Johnson was part of a busy crew waiting on customers and helping out Diane Dack pack the candy canes and other candies for sale and shipment. Dack has been with the business almost 30 years. She was a waitress at a diner that Pete and Virginia Trudel frequented. They liked her and asked her to come to work for them.

The making of the candy canes is a visual delight for customers who crowd into the kitchen area, standing around the edges to give the workers space. On a counter, there is often a small box of broken candy-cane pieces marked free. As parents watched the process Saturday, their children delighted by the discovery, picked up a few pieces to nibble on.

The canes are made with 25 pounds of sugar and cream of tartar.
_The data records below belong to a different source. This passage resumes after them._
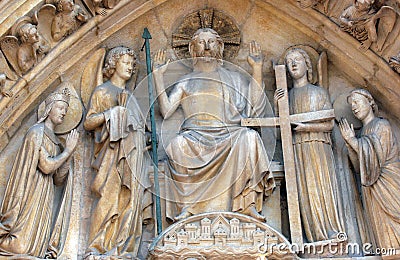 Notre Dame Cathedral, Paris, Christ in Majesty Stock Photo
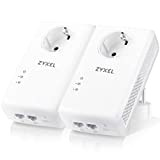 Zyxel 1800Mbps Pass-Thru Powerline Adapter 2-port Gigabit Ethernet 2-Pack, Amazon Exclusive [PLA5456]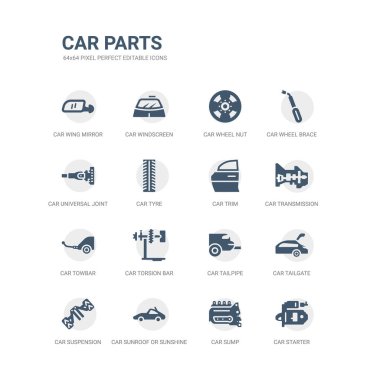 basit bir set araba starter, araba karter, araba sunroof veya güneş çatı, süspansiyon, Bagaj kapağı, egzoz borusuna, Burulma çubuğu, towbar, iletim, gibi simgeleri kırpın. ilgili bölümleri simgeler koleksiyonu. düzenlenebilir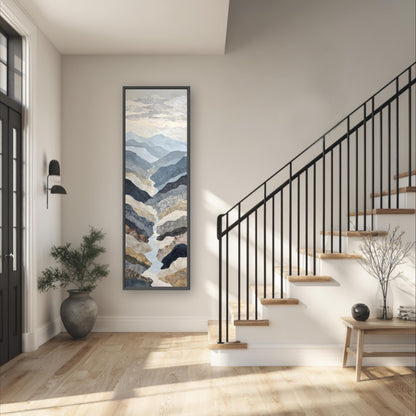 a modern and minimalist interior design, featuring a large abstract painting hanging on the wall above a staircase with a black railing. The painting showcases a landscape scene with mountains and a winding river, creating a serene and tranquil atmosphere. The room also includes a wooden floor, a potted plant, and a wooden bench, contributing to the overall aesthetic and functionality of the space.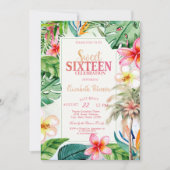 Palmenbaum Blätter Tropische Blume Sommer Süß 16 Einladung (Vorderseite)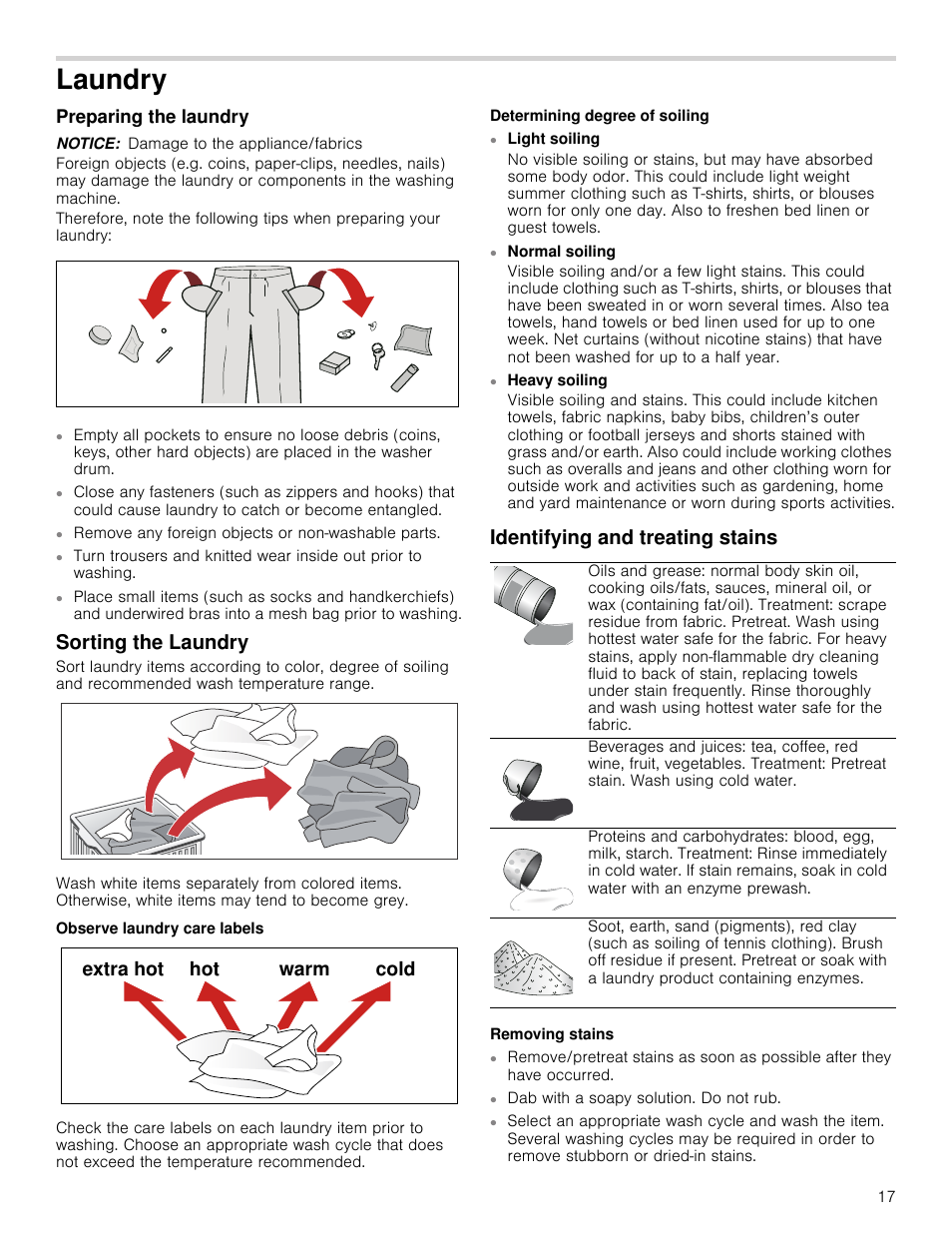 Laundry, Preparing the laundry, Notice | Sorting the laundry, Identifying and treating stains, H[wudkrw krw zdup frog | Bosch WAP24201UC User Manual | Page 17 / 36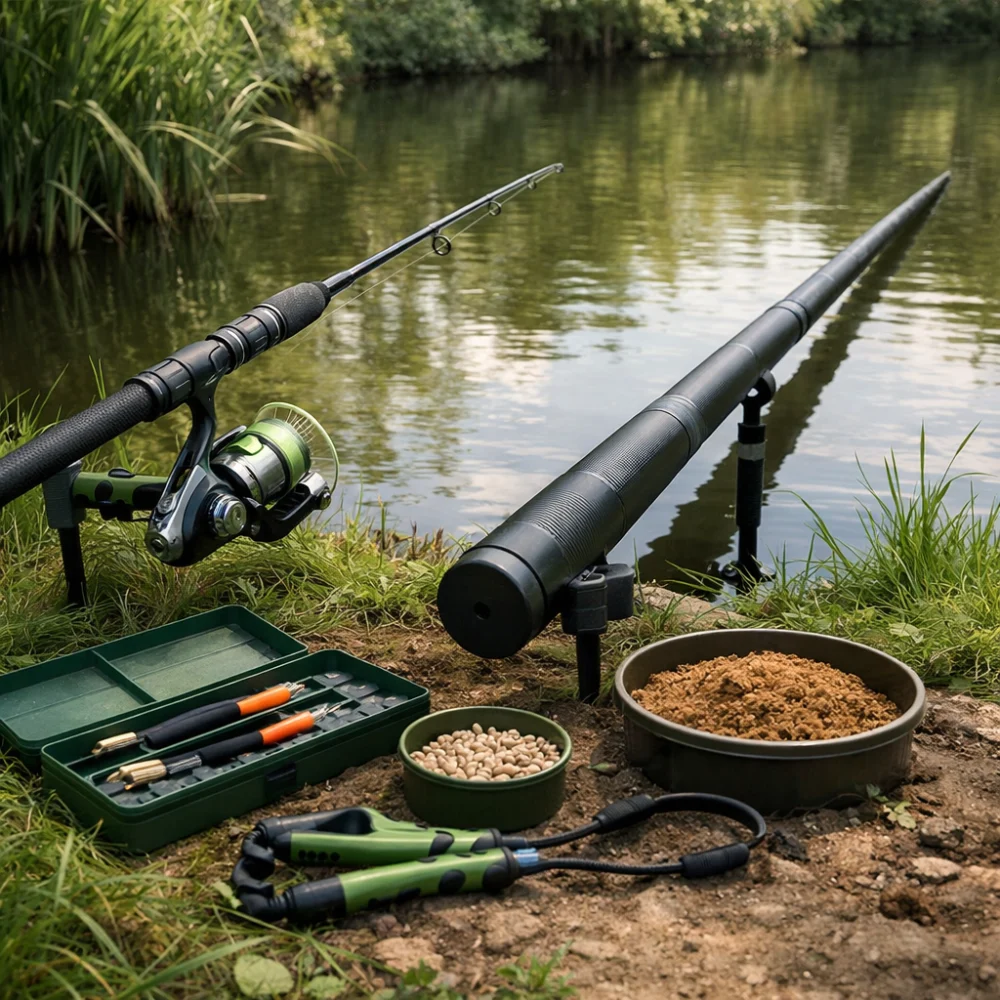 A match rod and a pole rod set up beside calm water with basic fishing tackle.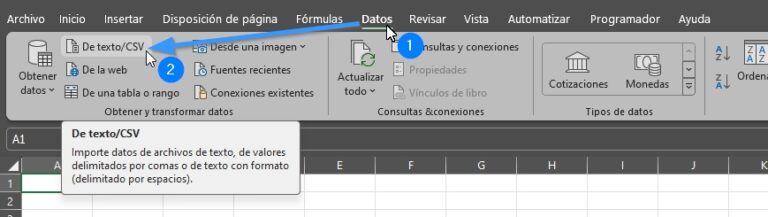 Accessing the CSV data import tool in Excel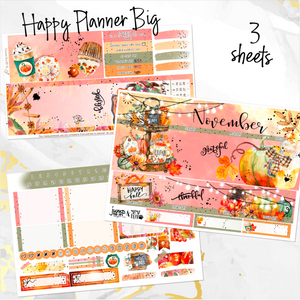 November Thanksgiving Bliss '24 FOILED monthly - Erin Condren Vertical Horizontal 7"x9", Happy Planner Classic, Mini & Big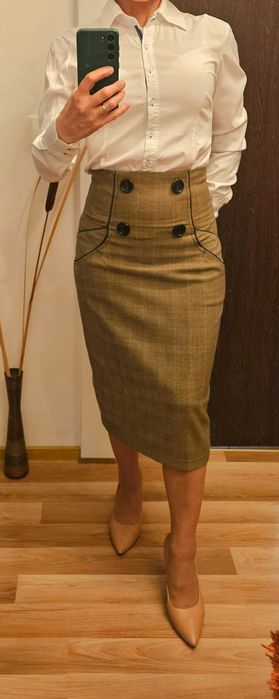 Fusta ecosez de culoare maro, marca Nissa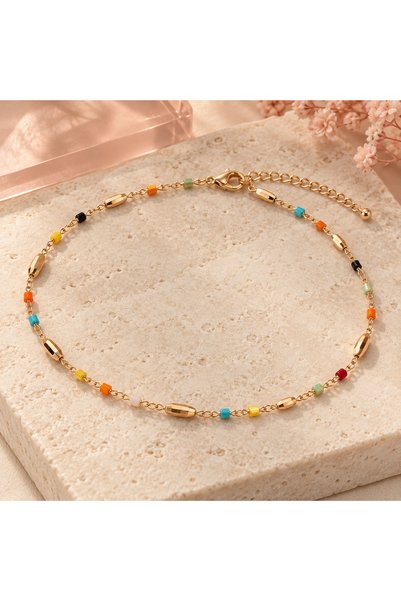 BLOOMY Colorful Bead & Gold Bar Anklet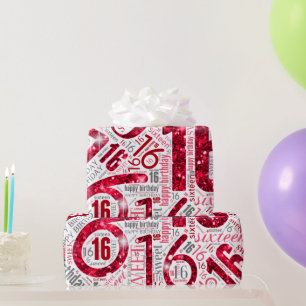 Papel De Presente Doce Dezesseis Faíscas Palavras Vermelhas em Nuve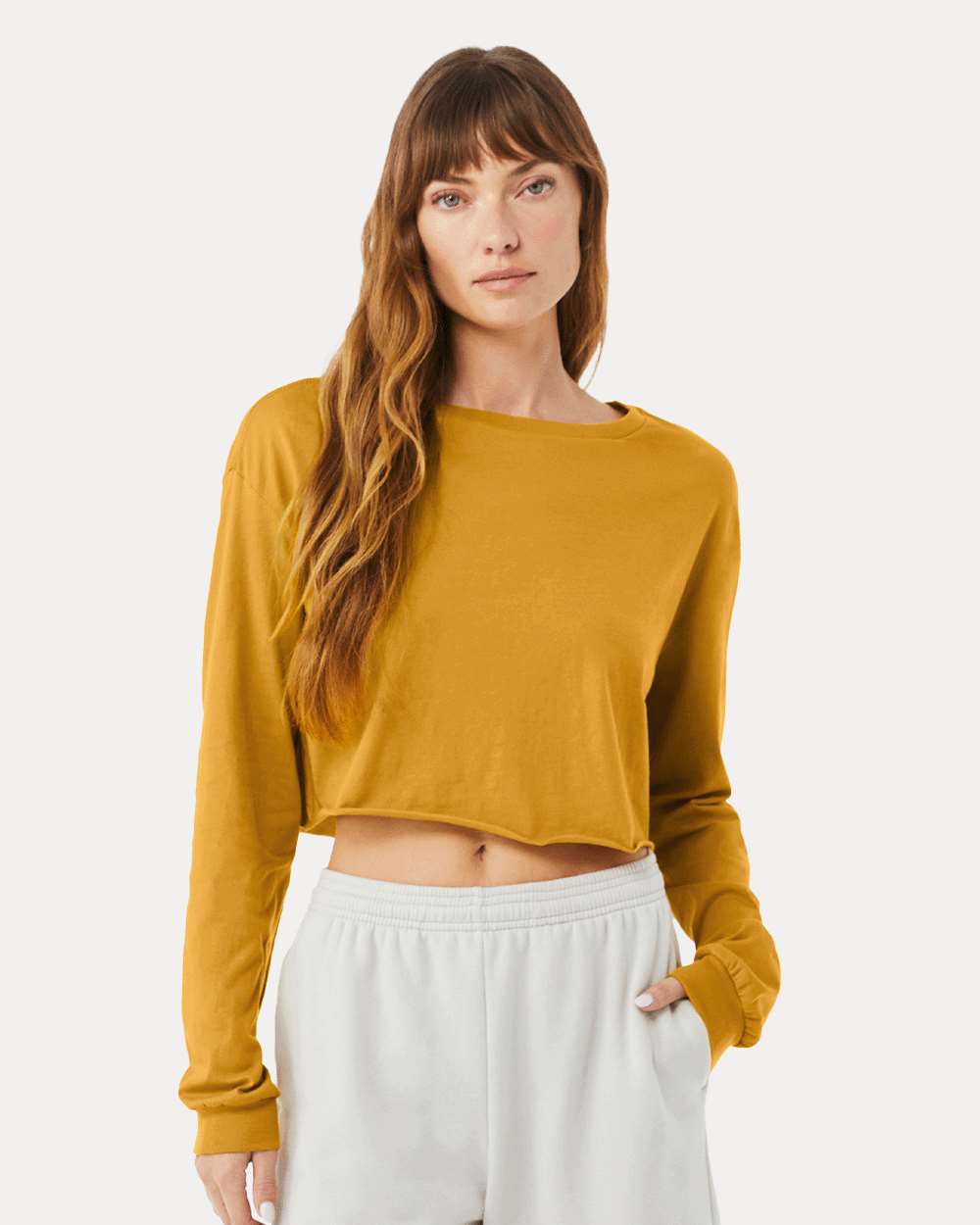 Women's FWD Fashion Crop Long Sleeve Tee - OnModelFront - B10306143 - Mustard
It is first heated and worked into a block, which is then colored, flavored and placed on a hook to be pulled. Pulling the taffy is the big job, and the most popular part of the process for visitors. Gallant has had the honor since 1994, having inherited it from Trudel who inherited it from Stephano. He makes it look easy, but he said it took a long time for him to perfect the art.

Once the taffy is properly twisted and pulled, it is rolled and then a line of candy-cane material is pulled out, cut, packaged in plastic, bent like a shepherd’s crook and boxed or placed on the shelf, where they are quickly scooped up by customers and taken home to place in stockings or hang on Christmas trees.